Betrayal is more like it.
Flashback to 2005. Marlins owner Jeffrey Loria went begging to this community, saying the team couldn’t afford to draw the big-name players because it wasn’t making any money using the Dolphins’ football stadium for baseball games. It rains too much here in the summer, which causes game delays, guts attendance and threatens the loss of revenue from television coverage. The team would have to look to other cities if it couldn’t get a better venue, he said.
Moving from Miami Gardens to Little Havana’s Orange Bowl site for a new baseball stadium with a retractable roof would be key to keeping the franchise in South Florida, Mr. Loria told us.
And, Marlins officials promised publicly, if the stadium were built mostly with public funds — part of the hotel bed tax charged to tourists — the team would be able to spend more, courting big-name players to the roster with hefty salaries to draw more fans.

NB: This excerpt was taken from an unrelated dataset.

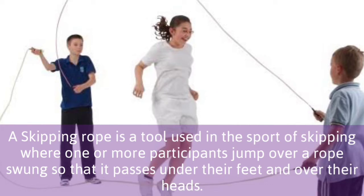Skipping rope is a tool used in the sport of skipping where one or more participants jump over a rope swung so that it passes under their feet and over their heads.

Then came the news in 2010 of the team’s leaked financial documents showing the Marlins were doing pretty well — indeed, making a profit, and they would have been able to afford to chip in much more into the stadium complex.
But wait, Marlins officials say, the money was not a net profit. It was money the team was saving to qualify for loans to pay off their portion of the debt . . .
Who knows what the numbers say. They were never shared with elected officials of Miami or Miami-Dade County. The team said it couldn’t share those numbers without hurting its franchise’s competitiveness.
To compound the mystery of the numbers, Marlins officials promised they would build the best team with the best attendance. But with barely the ink dry on those contracts it fired the manager and dumped several big-name players in exchange for little-known players; in essence, maintaining the team’s MLB-distributed money for “poor” teams to beef up its books.
What is the community left to believe?
Were the promises of building up a stellar team, of big names and growing attendance just a bunch of tall tales?
The Marlins have for a long time had one of the lowest payrolls in the league. That may be the Loria business model, and it may work just fine, but that’s not what was promised to the community. Have fans and local officials been duped?
When the team sought the community’s support for hotel tax money to get the stadium built, the Editorial Board supported the effort for various reasons. Those were flush times; there was money available through the hotel tax, which meant local taxpayers mostly would not be affected; Mr. Loria cried poverty and promised plenty. We also promised to push team management to build the stadium on time, which it was. It came in under budget, too.
So now we’re left with a deal that provides no parking revenue or concessions to local government because it was formed on the premise that the Marlins were facing a loss.
The ultimate insult is dismantling the team because its big-name players didn’t deliver in one year’s time. That amounts to a bait and switch.
Show us in your actions, Mr. Loria, that you’re committed to Miami with a first-class team for a first-class facility.